“You Shouldn’t Believe Everything People Tell You” – Abraham Lincoln
No-one really knows what’s best for you – and most don’t care either. Make your own best guess to what will provide you long-term happiness.
How so? Here’s the long explanation;
The world is constantly speeding up faster and faster.
The unseen rate of technological improvements, the current demographic explosion, global warming, the economic shift to Asia and so-on.
Manual labor jobs are being automatized and/or replaced by robots, IT-work is being outsourced to low-cost developing countries, retail stores have to slim down or cut costs to compete with the ever-growing array of e-commerce stores like amazon.com, alibaba.com and many more to come.
The world isn’t going to be the same place as it has always been.
It’s going fast and it’s going hard, leaving many behind.
I don’t think anybody really knows and we’re all just making our most educated guess for the future (me included)
So today I stopped and wondered if we’re going in the right direction and what you can do to be more prepared for what’s coming in order to maximize life quality.
From what I’ve seen we’re not doing that great overall;
- Rising rates of obesity & other related health issues
- Rising unemployment rates
- Economic inequality
- Lack of direction/meaning resulting in escapism-type behaviors (alcohol, video games, partying, tv, fastfood, travel …) (in excessive quantities off course)
Doesn’t sound all that great, right? Life quality could be (a lot?) better IMO.
To say my generation is lost, might be an overstatement, but not that far from the truth in my eyes. I’ve seen an absence of firm identity in many peers, a misguided direction in adults and policies, leading to destructive behavior in the long-term.
And frankly? there’s not really much being done about it.
I’ve found it troublesome.
Anyway, we can go the hippy tree-hugging route of wanting to change the world and its policy…
but on second thought, let’s not.
The point I’m going to be addressing in this post will be our un-adapted education model for this “new” future and what you
can “should” be doing/focusing on in preparation.
Where are we going at the moment?
The focus we’re having at the moment (on a big scale) is to increase the welfare of our individual countries.
Welfare, mmm… Sounds great right?
If that’s our long-term focus how come we’re not seeing the desired results? The life quality we all are looking for?
I believe it’s in the way we measure it.
At the moment we’re measuring the welfare of a country in GDP (gross domestic product).
(Not to be confused with G4P)
Basically this is just a measuring stick for the overall economy of a country.
By focusing on this GDP as measuring stick for “welfare” – as a result, government policy is directed towards increasing this value.
Cual es el problema with this?
“When we take money as the sole indicator for progress all our actions will be geared towards that”

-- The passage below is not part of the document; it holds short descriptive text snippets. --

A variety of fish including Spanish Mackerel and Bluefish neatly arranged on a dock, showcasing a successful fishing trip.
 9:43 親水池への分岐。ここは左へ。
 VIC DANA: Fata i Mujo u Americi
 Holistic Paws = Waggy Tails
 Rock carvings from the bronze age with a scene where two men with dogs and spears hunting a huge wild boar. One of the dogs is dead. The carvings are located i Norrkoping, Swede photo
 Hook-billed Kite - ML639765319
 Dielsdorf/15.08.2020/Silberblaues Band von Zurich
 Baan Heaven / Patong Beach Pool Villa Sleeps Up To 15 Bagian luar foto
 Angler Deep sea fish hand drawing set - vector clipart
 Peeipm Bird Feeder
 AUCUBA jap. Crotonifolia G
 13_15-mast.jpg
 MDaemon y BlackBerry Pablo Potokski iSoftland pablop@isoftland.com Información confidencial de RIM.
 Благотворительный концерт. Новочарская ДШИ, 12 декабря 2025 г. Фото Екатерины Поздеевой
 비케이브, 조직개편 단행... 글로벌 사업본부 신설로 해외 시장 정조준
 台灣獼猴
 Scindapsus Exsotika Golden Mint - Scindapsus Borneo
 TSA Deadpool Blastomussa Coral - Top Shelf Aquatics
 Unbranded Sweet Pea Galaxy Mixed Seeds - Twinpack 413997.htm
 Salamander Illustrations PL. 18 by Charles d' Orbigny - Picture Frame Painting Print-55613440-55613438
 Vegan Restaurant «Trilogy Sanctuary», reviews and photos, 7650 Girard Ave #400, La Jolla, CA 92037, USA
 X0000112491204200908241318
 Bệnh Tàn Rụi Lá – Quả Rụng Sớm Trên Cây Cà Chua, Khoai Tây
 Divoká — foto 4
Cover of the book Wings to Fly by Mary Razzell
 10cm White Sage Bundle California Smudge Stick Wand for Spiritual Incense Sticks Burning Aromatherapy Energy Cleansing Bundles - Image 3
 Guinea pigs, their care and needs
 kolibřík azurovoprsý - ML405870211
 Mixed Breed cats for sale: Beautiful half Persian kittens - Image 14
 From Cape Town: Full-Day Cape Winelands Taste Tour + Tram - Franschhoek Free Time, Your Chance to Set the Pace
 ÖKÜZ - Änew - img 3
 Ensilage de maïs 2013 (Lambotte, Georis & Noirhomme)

IMO, the GDP is a lousy indicator for welfare. After your basic needs have been taken care off (security, food, shelter, …) it doesn’t add any relative change anymore to life quality.
And in our current modernized, westernized, societies; do we have a serious lack in these basic needs?
I – for the most part – believe not and therefore our focus should be re-directed to a better measurement stick for welfare (at least for more developed countries)
A study done by Daniel Kahneman concluded that “high income improves evaluation of life but not emotional well-being beyond a certain point”
“When plotted against log income, life evaluation rises steadily. Emotional well-being also rises with log income, but there is no further progress beyond an annual income of ~$75,000.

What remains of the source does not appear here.